As a career diplomat, my favorite congressional visitors were McCain, Kerry, and Sam Nunn. The three were serious about their work, highly informed, irrepressibly curious, and dedicated to furthering peace as an integral part of U.S. national security policy.
McCain’s and Kerry’s combat records not only enhanced their national security gravitas, it also gave them living, on-the-ground perspectives about war that few political leaders possess.

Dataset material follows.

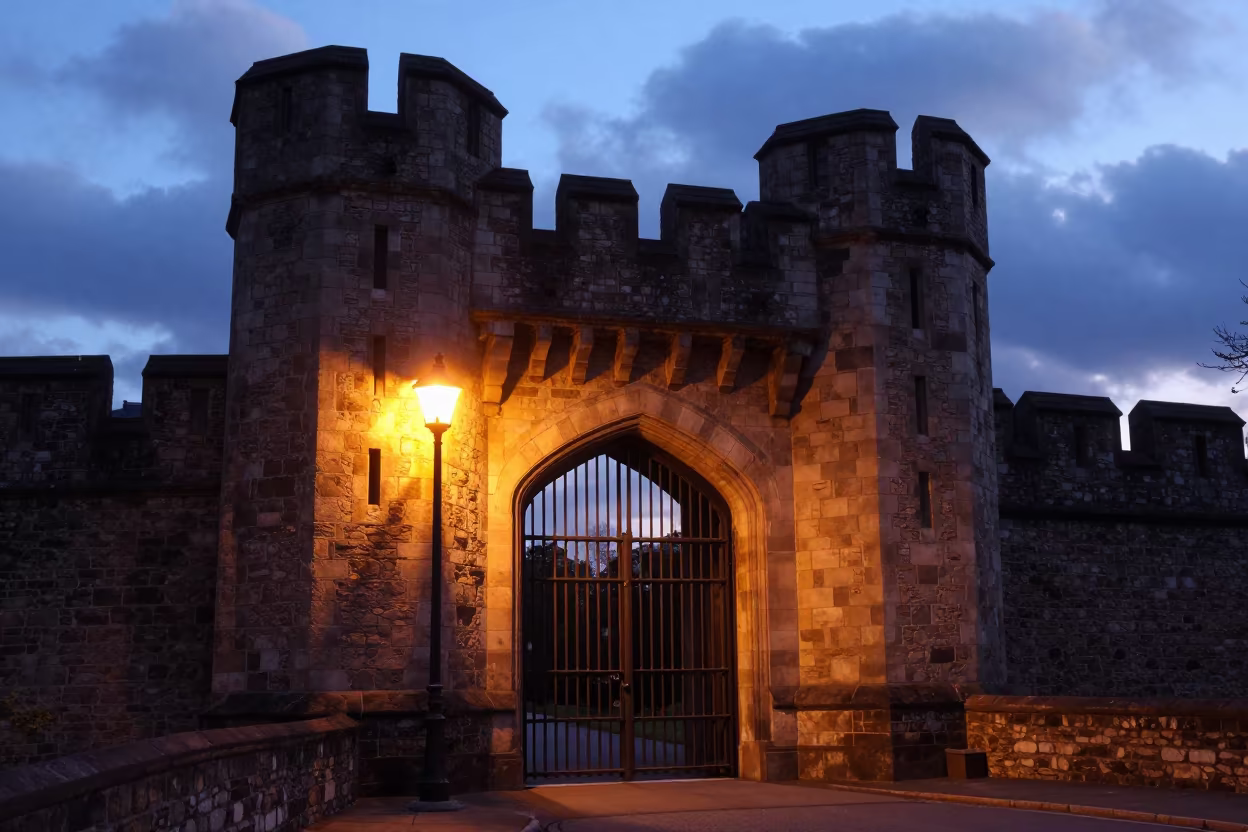 Medieval Castle Gate in Cleveland Twilight in inside a skylit passageway in Cleveland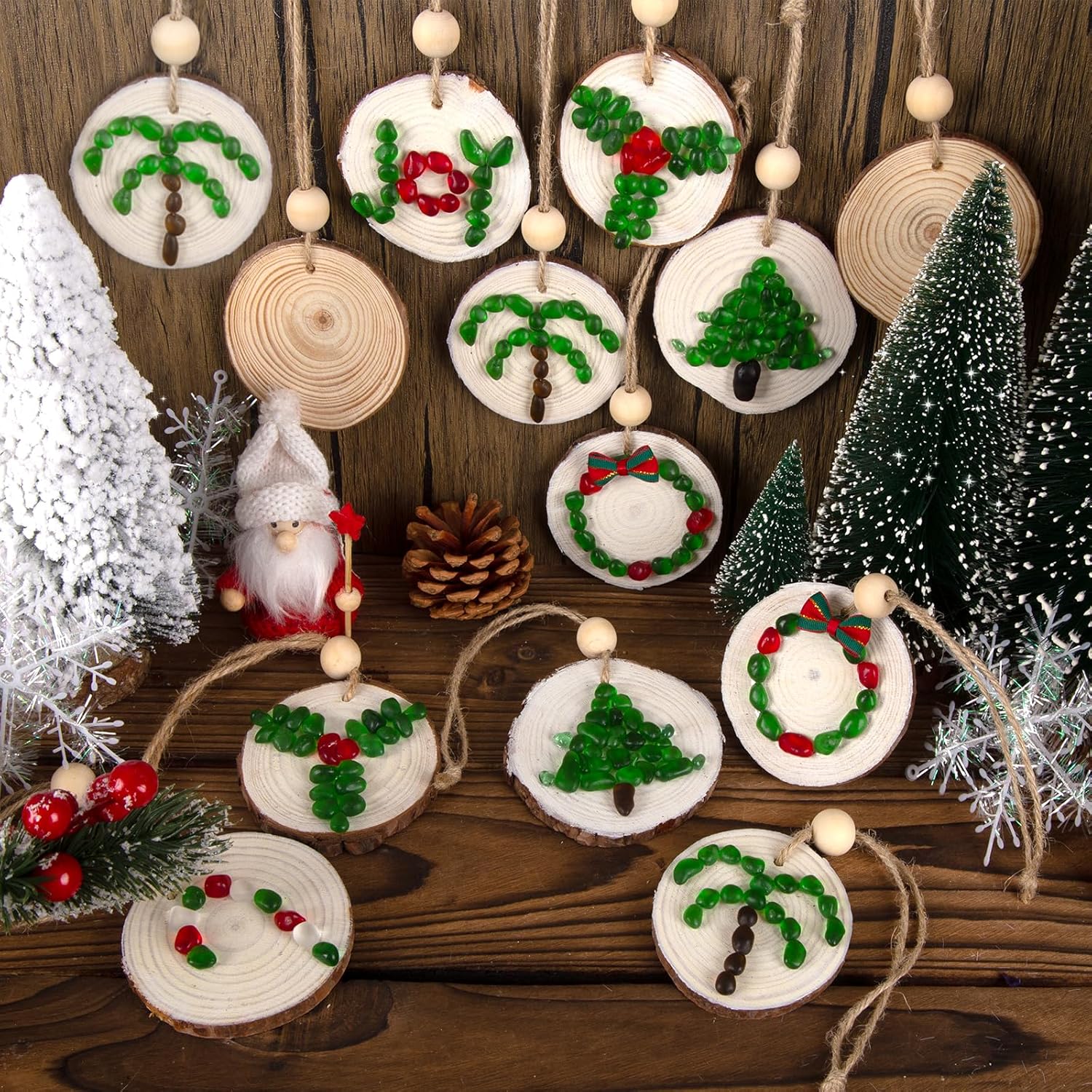 12Pcs Wooden Christmas Ornaments with Sea Glass, Wood Hanging Christmas Decorations for Coastal Beach Nautical Farmhouse Rustic Tropical Palm Tree Xmas Tree Deocr, Unique Handmade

Indeed, they led the efforts to get the Vietnamese to cooperate fully in seeking a resolution for the 2,646 U.S. soldiers missing in action from the Vietnam War (over a thousand have since been accounted for). The price for this kind of noble effort is occasionally very high, as we learned in this instance. Shortly before departing from my Hanoi post in 2001, seven members of our POW/MIA accounting team—and nine of our Vietnamese counterparts—were killed in a helicopter accident in mountainous northern Vietnam. I can’t help but think John McCain was deeply hurt by this tragedy. He had likely served with some of those missing who for whom our team was searching.
When visiting the Hanoi Hilton in 1992, a reporter asked McCain if he found it difficult to return. McCain said, “There is no reason for me to hold a grudge or anger. There’s certainly some individual guards who were very cruel and inflicted a lot of pain on me and others,but there’s certainly no sense in me hating the Vietnamese. I hold no ill will toward them.”
Sure enough, John McCain’s Vietnamese jailer, Tran Trong Duyet, was deeply saddened by the news of his passing. Had he met McCain again, Duyet said, he would greet him “not as a former prisoner and a jailer, but as two veterans, from both sides of the battlefield, now meeting again in the spirit of reconciliation.” I have little doubt that McCain would have reciprocated.